I went to college in Massachusetts, and on my first year I was diagnosed with dyslexia. And all of a sudden, my whole life made sense. Growing up I struggled in school, but did well enough that nobody stopped to figure out what was going on. I was a good dancer but couldn’t learn dance steps. The diagnosis made things make sense; it gave me permission to not be so hard on myself. I transferred to Oregon and decided I was going to major in something I liked; I wasn’t thinking about a career. So I went for psychology and Hispanic studies. And, just as my parents predicted, after graduating I ended up back in Sheridan waiting tables and bartending. After a few years I found myself in Dayton, working in a beeffalo ranch as the personal assistant to a film director. I would help with weed whacking and cattle feeding in the morning, and in the afternoon I would look over screenplays. He worked in Hollywood, and that experience showed me that I wanted to be doing something more with my life, I just wasn’t sure what or how to get there.
In 2004 I moved to Laramie to go to law school. I thought a law degree was general enough to allow me to decide what to do with it later. I lived in an apartment above the Brown & Hiser law office, and I would lie on the ground and hope that I would absorb things through osmosis and get smart. I met my husband during law school, and when he moved to Sheridan we would see each other when visited my family. Dyslexia and law school are not a great combination; it was hard but I did pretty well. In 2007, I graduated 36th in my class. There were 72 students, so I was right in the middle. I am really proud of myself for that. I enjoyed the process enough to not keel over, and at the same time did well enough to have some career opportunities.
After I graduated I went to work in the governor’s office in Cheyenne, where I commuted daily. I liked solving problems from that big picture perspective, and learning from very talented people. I worked with DFS and Workforce Services, and that’s how I connected with Climb. I met Ray, our executive director, and I could see that they were a very effective organization. I fell in love with what they do and how they help women, and I stayed connected with the organization through the years. My job ended because the governor didn’t run again, and I did a couple of short lived jobs for a while until I saw the opening for the Program Director position with Climb. After a couple of back-and-forth-s, I started working for them. It was meant to be.
Tell me about Climb
Climb is a private non-profit organization with offices in Casper, Cheyenne, Gillette, Rock Springs, Jackson, and Laramie. Our mission is to provide job and life skills training and job placing for low income single moms, so they can discover self-sufficiency.
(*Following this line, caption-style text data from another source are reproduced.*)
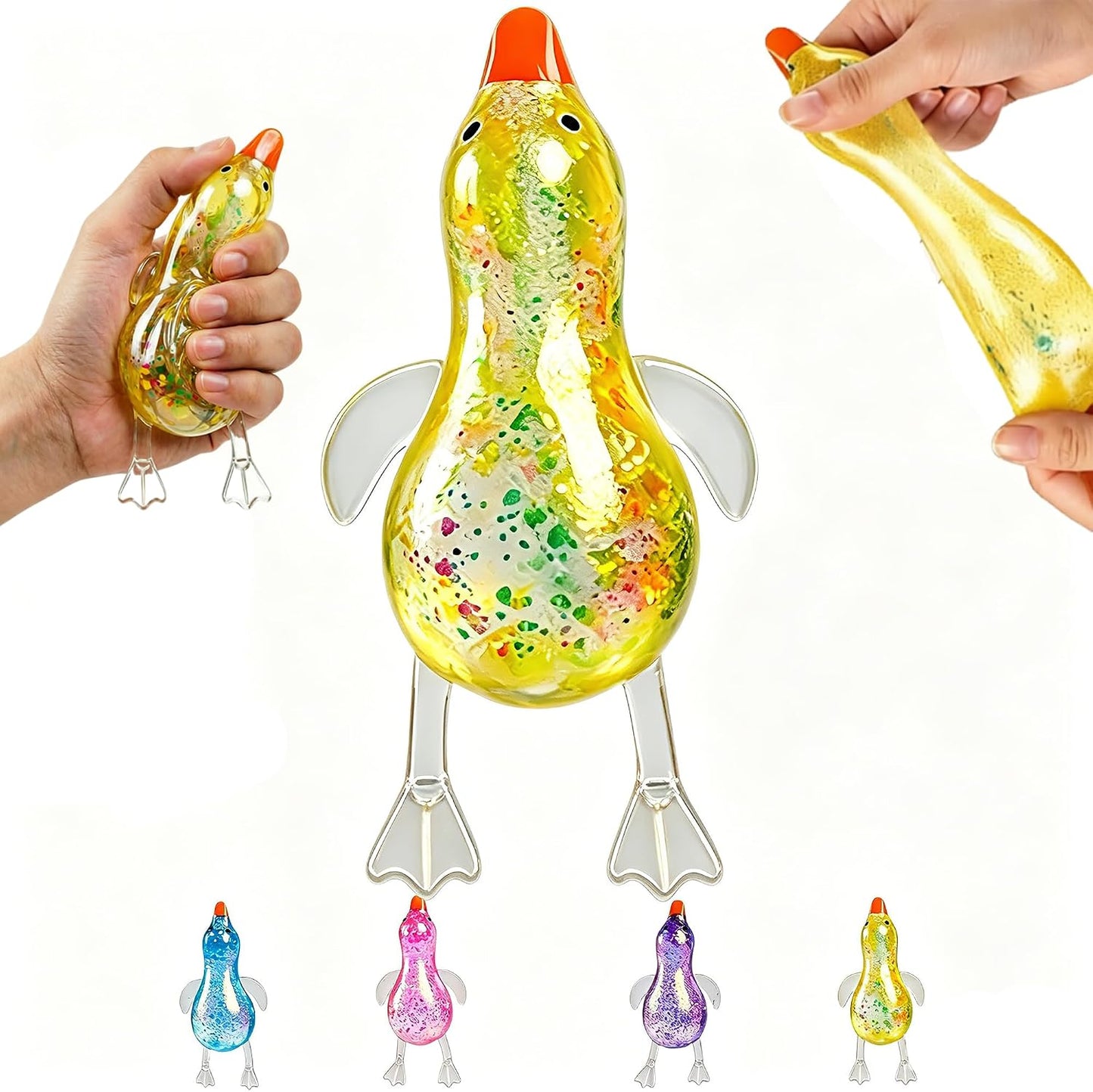 Glitter Duck Squishy,Yellow Squeeze Sensory Fidget Toy for Anxiety Relief | Squishy Duck Toys Stress Relief,Squeeze Sensory Fidget Toy for Anxiety Relief, Slow Rise Relaxing for Adults Offices Homes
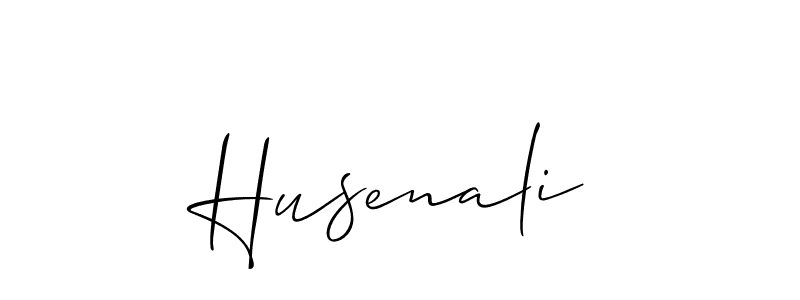 Use a signature maker to create a handwritten signature online. With this signature software, you can design (Allison_Script) your own signature for name Husenali. Husenali signature style 2 images and pictures png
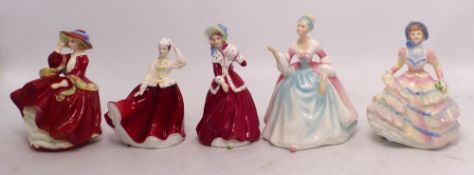 Five Royal Doulton lady figurines to include Christmas Morn HN3212, Gail HN3321, Top O'The Hill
We help them address barriers that have been in their way, and help them remove them in a therapeutic, supportive manner. The Climb moms get individual and group counseling, parenting advice, they learn budgeting, problem solving, emotional regulation, communication and relationship skills, how to set boundaries, advocacy, planning, goal setting… but most importantly, they get the confidence and support of a community. Living in poverty as a single mom can be very isolating, but there is power in sitting with nine other moms and seeing that you are not alone.
That sounds fantastic! How does it work?
The program runs twice a year, and we work with ten women at a time. The application process is pretty rigorous since we want to make sure the moms are doing the program at a time when it will be the most successful in their lives, since they can only participate once. Sometimes a mom may not be ready at the time she applies. Maybe she is nearly sober or in the middle of a bad custody situation, she may not be ready for the change or have the time for it… it’s a 14 week training with 6 weeks of work experience afterwards, so if they are accepted into the program, they need to be able to make a roughly 6 months commitment to Climb. And to themselves.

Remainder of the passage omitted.